CHAPTER XXXIII. A LOVE SCENE.
Although Mr. Bradfield kept close watch from the study window, and saw Gilbert Wryde’s son safely out of the grounds, he was no more a match than other astute middle-aged persons have been for the wiles of a pair of lovers.
Richard Wryde, although he had let himself be “talked over” by Mr. Bradfield, was not quite so simple as his guardian supposed. Before he was out of the house, therefore, it had occurred to him to doubt whether Mr. Bradfield’s information about Chris were correct. It was, at any rate, worth while, he thought, to make the tour of the eastern end of the grounds, on the outer side of the wall, and then to saunter past the sea-front of the mansion, keeping a careful eye on the windows.
And when he was within sight of the window of the Chinese room, he was rewarded for his perspicacity by the sight of Chris, engaged in her favourite occupation of looking out at the sea.
She saw him in a moment, without his having to exert himself to attract her attention. He saw her spring up, clasping her hands. And he knew that all he had to do was to wait for her to come to him.
He went back, therefore, towards the east end of the house, so that the trees might hide him from the curious eyes within. In a few minutes Mr. Bradfield heard the creaking of the gate again. He got up and looked out; but Chris had gone through like an arrow, and he saw no one.
When she was once outside the gates, however, shyness, excitement, one does not know what, stayed her flying feet, and brought a flutter to her heart. And when she caught sight of Dick, as he came round the angle of the wall to meet her, she stopped altogether.

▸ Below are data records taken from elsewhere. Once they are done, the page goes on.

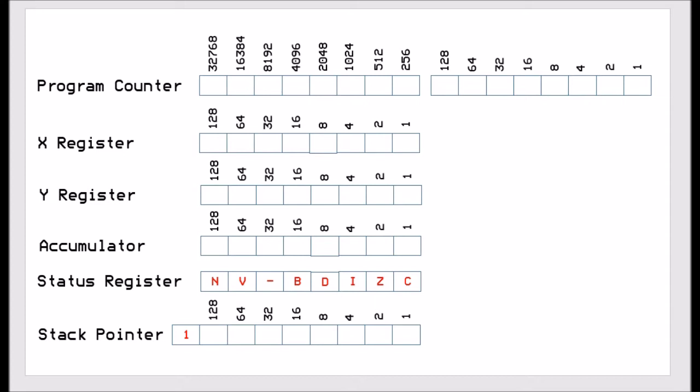The stack pointer is an 8-bit register but it actually is a 9-bit register because the 9th bit is fixed at 1. So the stack will always be at 0x01xx in the memory space.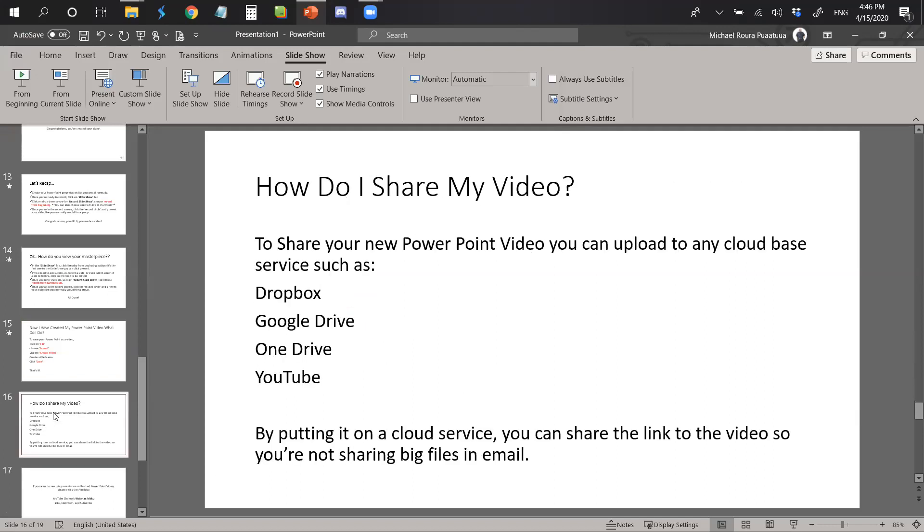So now that you have a file, an mp4 file, an actual PowerPoint video, how do you share your video? Well, to share your new PowerPoint video, you can upload to any cloud-based service such as Dropbox, Google Drive, OneDrive, or even YouTube. By putting it on a cloud service, you can share the link to the video so you're not sharing big files in email.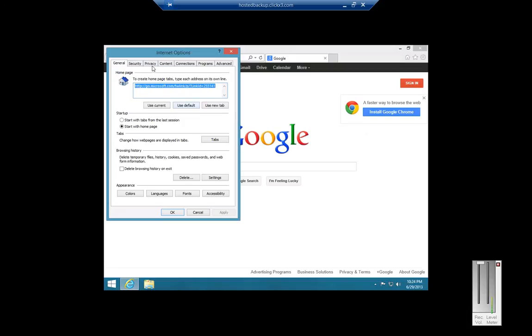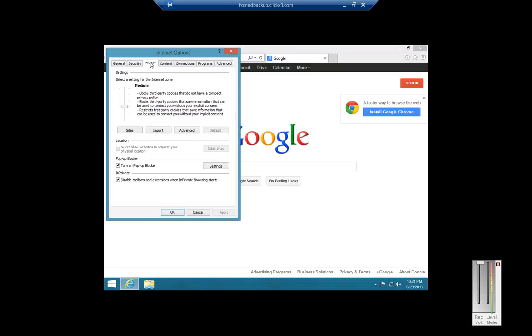And in Internet Options, we can go to Privacy. And from Privacy, we can do things like turn off the pop-up blocker, disable toolbars, that kind of thing.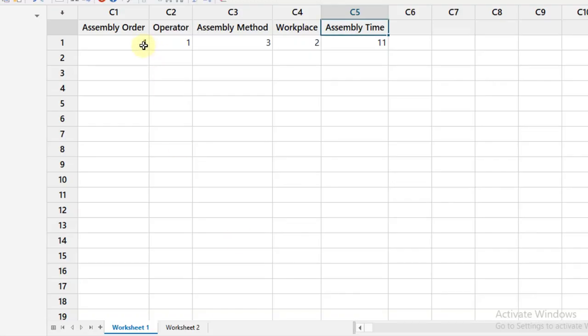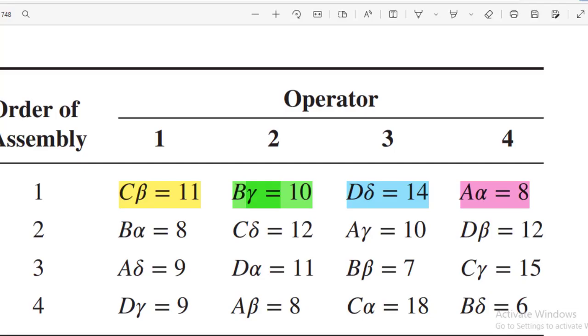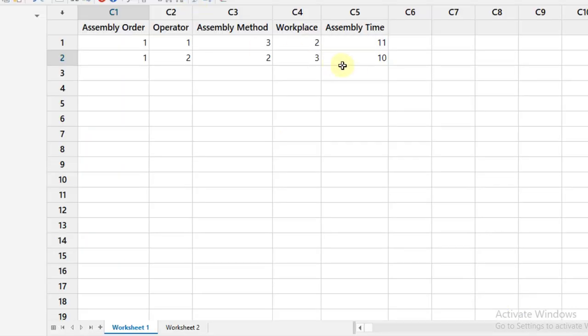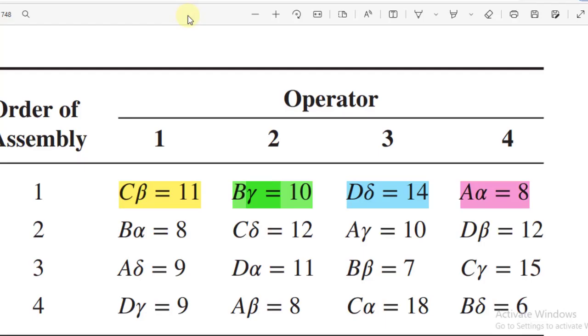So 1, 1, 3, 2, and assembly time is 11. The second one: we have 1, 2, 2, and 3, and the assembly time is 10. The third observation: 1, 3, D is 4, and delta is 4. So 1, 3, 4, 4, and 14.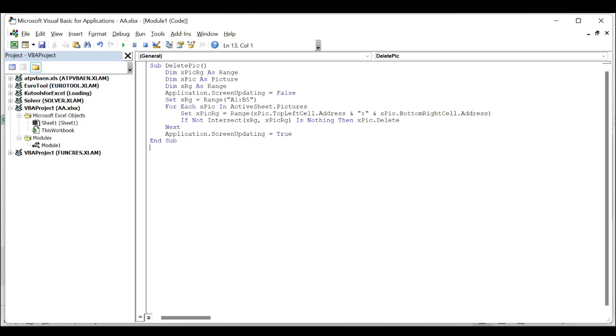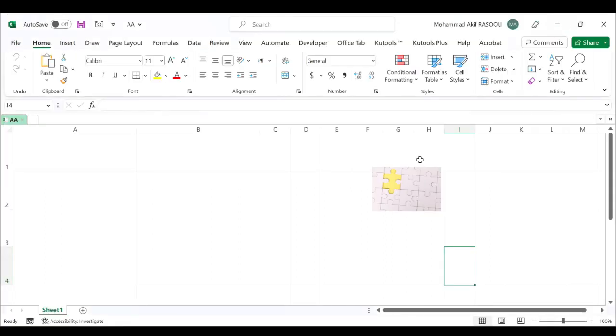Then press the F5 key to run this code. And the pictures in the selected range have been deleted at once.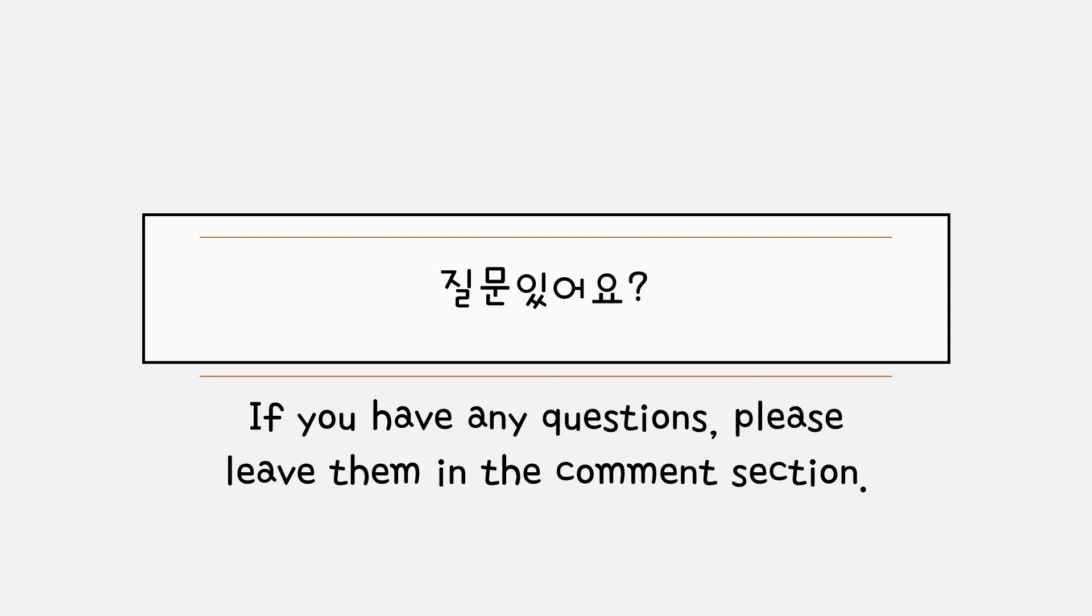That's it for this video. 질문이 있어요. If you have any questions, please leave them in the comment section. 감사합니다.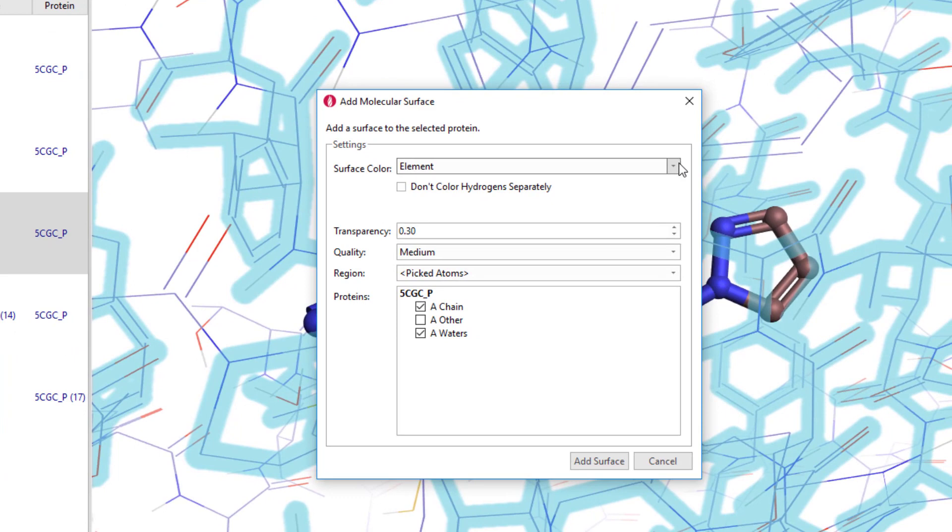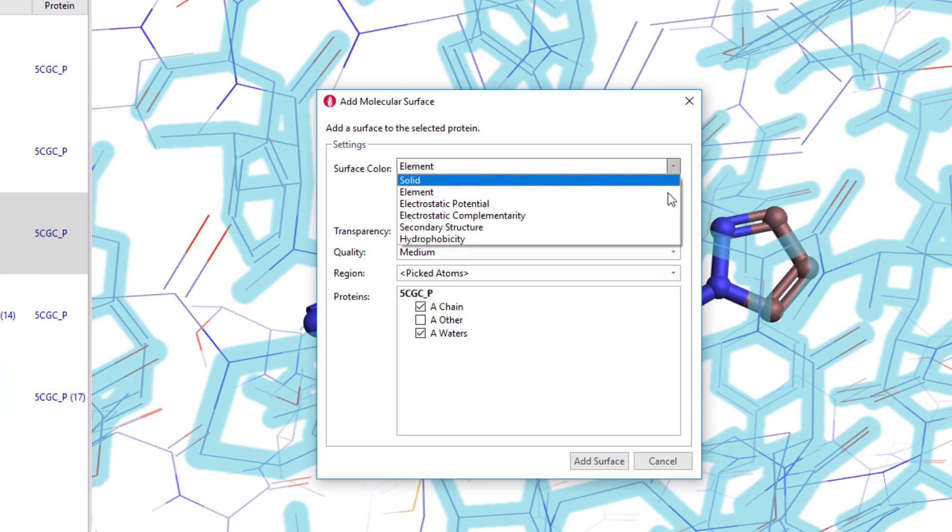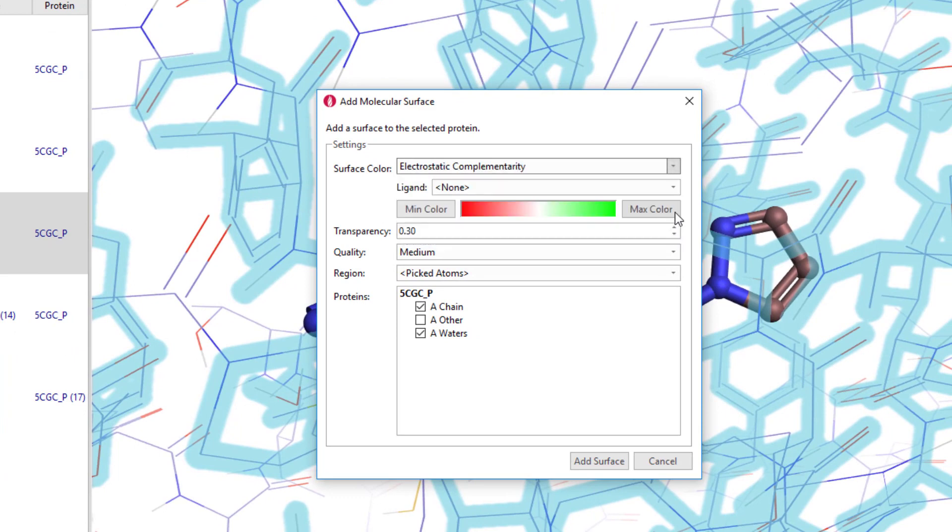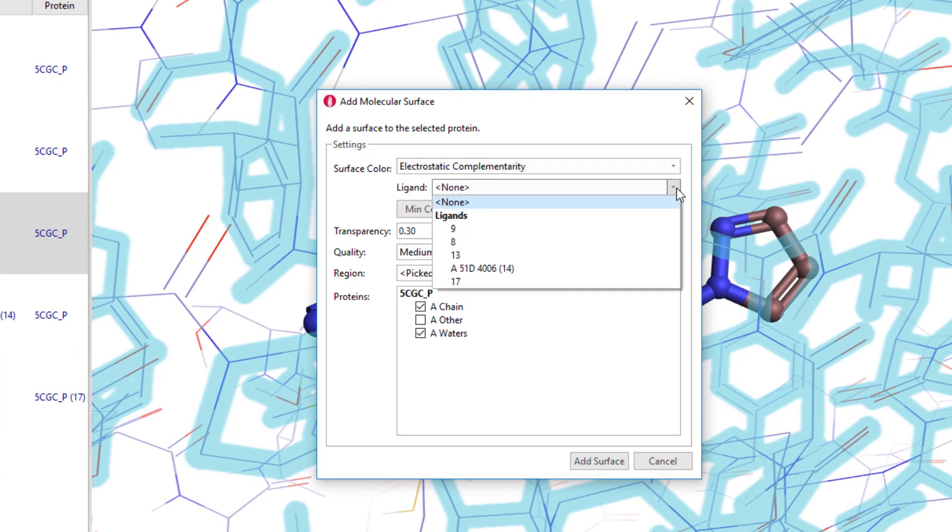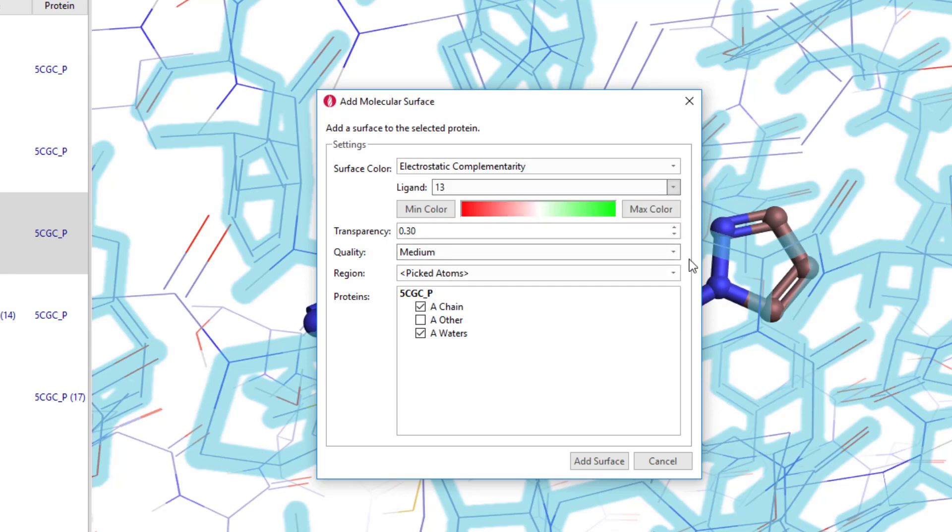I need to select electrostatic complementarity as the surface colour, then select the ligand to be included in the EC calculation. Other settings such as the colour, transparency, and quality of the surface can be changed.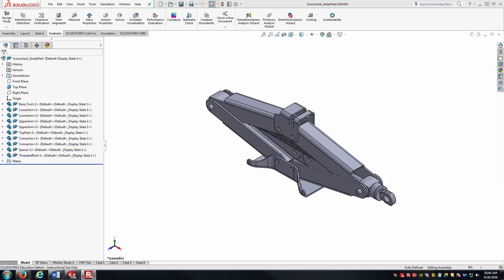Hello everyone, this is Brock Skaggs, and in this video we're going to look at creating an alternate position view inside of a SolidWorks drawing.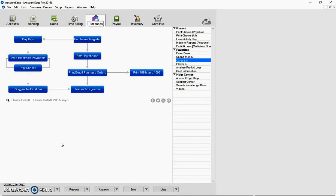Good morning. Today we're going to work on customizing our check stock or check forms.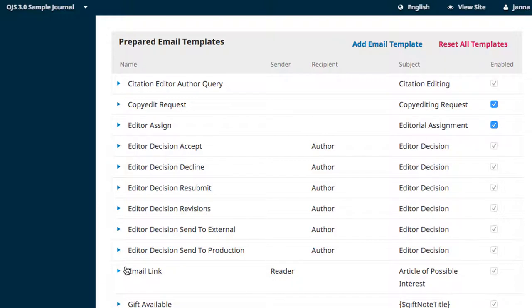Email templates can be edited at any time and the defaults can all be restored at once using the Reset All Templates button.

Dick was timid too. It seemed to him, as it seemed to her, that the happiness at their lips was too great, that the cup must be dashed away before the draught was taken. The man, of course, recovered first from the stupor of joy following weeks of longing.
Chris, with her eyes upon the ground, felt a hand on her shoulder, warm breath upon her face.
“You are glad to see me? Then tell me so.”
She looked up suddenly, saw, in place of the wistful face she remembered, eyes full of the fire of recovered light, of youth renewed. Her lover was no longer the deaf and dumb recluse; he was as other men are, but with a charm of gentleness, of sadness past, but remembered, which made him infinitely more attractive in her eyes than any other man could ever be.
“I am so glad,” she whispered, “that I hardly dare to speak for fear I should cry!”
And, with a sob she tried hard to suppress, she brought out from under her cloak, and held out towards him, the little sketch of the sea seen between the trees of Wyngham House.
“When I saw this,” she said, brokenly, “I knew, oh, I knew that you were alive. But you might have let me know before. For I have been so miserable, I wanted to die.”
Her lover took her in his arms; they were under the trees on one side, and in the shelter of the high wall of Wyngham House on the other; and in words a little old-fashioned, a little more fanciful than the modern lover of every day dares to use, he told her of the light which the sight of her from his prison windows had brought into his life, of the new energy she had unconsciously put into him, of the longing he had felt to stand beside her and to feel the touch of her hand.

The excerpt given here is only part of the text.